14 December 2016

  • US futures based ethanol margins are resting at their best levels in years. The chart below plots these margins excluding costs. Working backwards on costs suggests that most plants are making $1.14/bu of corn or $.39/gallon. The hefty margin of ethanol producers is one reason why Chicago corn prices are rising as US farmers hold onto stored supplies and US exporters and ethanol producers fight for supply. Rising crude oil/gasoline prices are only accentuating the ethanol production gains. Ethanol margins may have to peak before corn prices head back down.
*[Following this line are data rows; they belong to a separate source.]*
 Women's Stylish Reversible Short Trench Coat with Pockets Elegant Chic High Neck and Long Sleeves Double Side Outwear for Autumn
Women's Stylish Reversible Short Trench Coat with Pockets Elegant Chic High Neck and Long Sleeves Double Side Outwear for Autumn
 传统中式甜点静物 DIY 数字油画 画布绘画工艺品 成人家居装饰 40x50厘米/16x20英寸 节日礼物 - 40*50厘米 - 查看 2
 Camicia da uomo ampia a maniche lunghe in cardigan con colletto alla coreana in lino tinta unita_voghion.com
  • Chicago markets have been choppy with wheat, corn and soybeans a touch lower in slow volume trade. The Fed announcement has been the main watchpoint, and they did not disappoint with a ¼ point increase with a suggestion of faster paced increases in 2017 as the Trump administration takes over with promises to boost growth through tax cuts, spending and deregulation.
  • The feeling this afternoon is that fund managers are wanting to buy breaks rather than sell rallies, with a belief that funds are just not in a bearish mindset right now, despite the global supply and stock position. However, we should point out that Jan ’17 soybeans have held support levels at $10.20 (so far) although there is a looming chart gap below $10.00, which should be watched carefully. There appears to be a lack of S American and US farmer cash related selling on declines, which has allowed Chicago futures to bounce. Recall US farmers have sold as much as 66% of old crop soybeans and S American farmers are bullish on surging US$ strength.
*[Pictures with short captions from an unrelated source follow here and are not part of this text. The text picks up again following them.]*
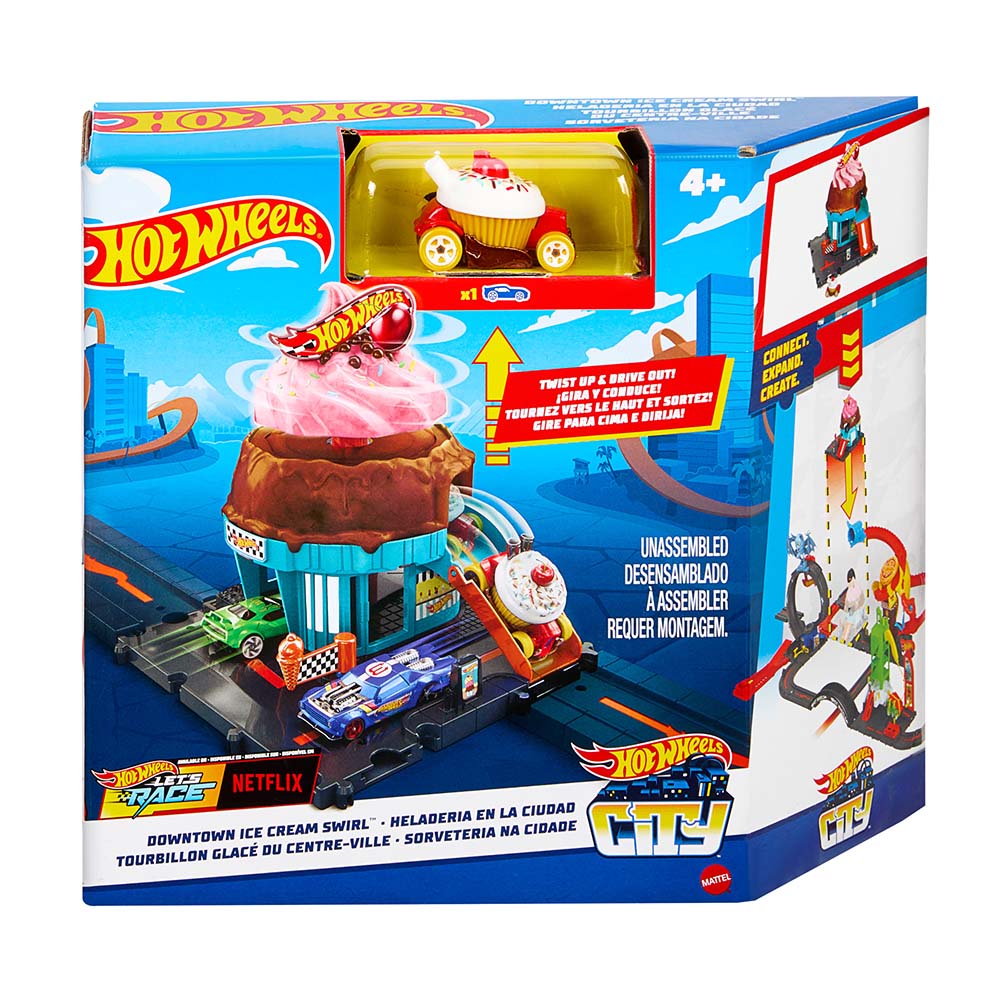 Hot Wheels City Heladería HTN77: Pista y set de vehículos - Edad 4+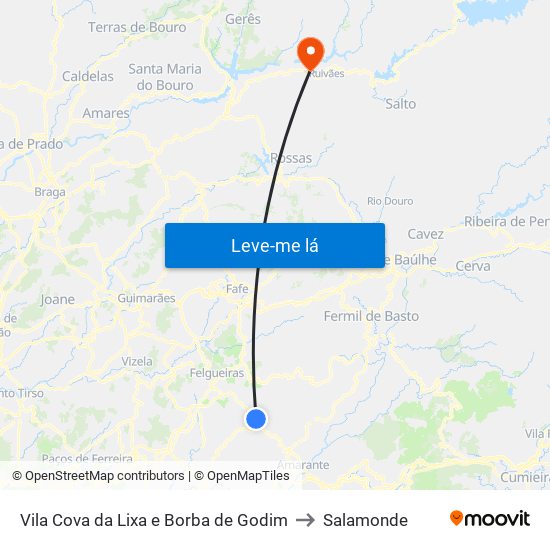 Vila Cova da Lixa e Borba de Godim to Salamonde map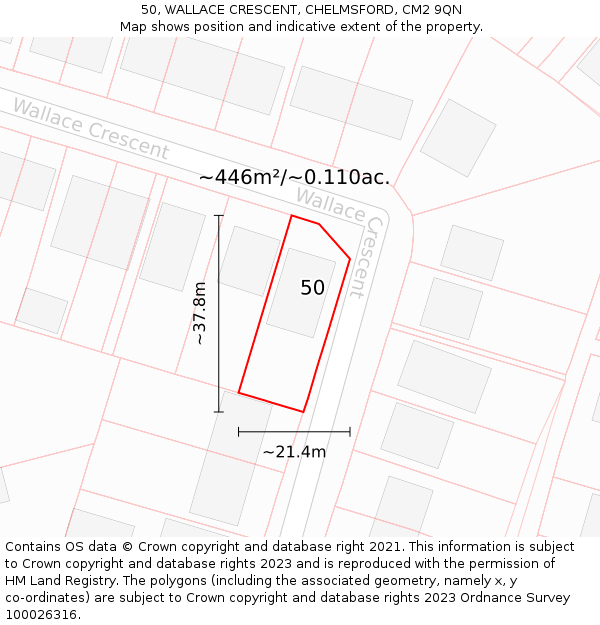 50, WALLACE CRESCENT, CHELMSFORD, CM2 9QN: Plot and title map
  • Weather forecasts remain favourable for S America and private forecasters are increasing their estimates slightly for Brazilian corn and soybean crops. It appears to be the rain in Argentina that could expand soybean and late corn seedings.
  • Our leaning remains towards longer term bearishness although we would expect and anticipate rallies into early 2017 on growing inflationary expectation in the US.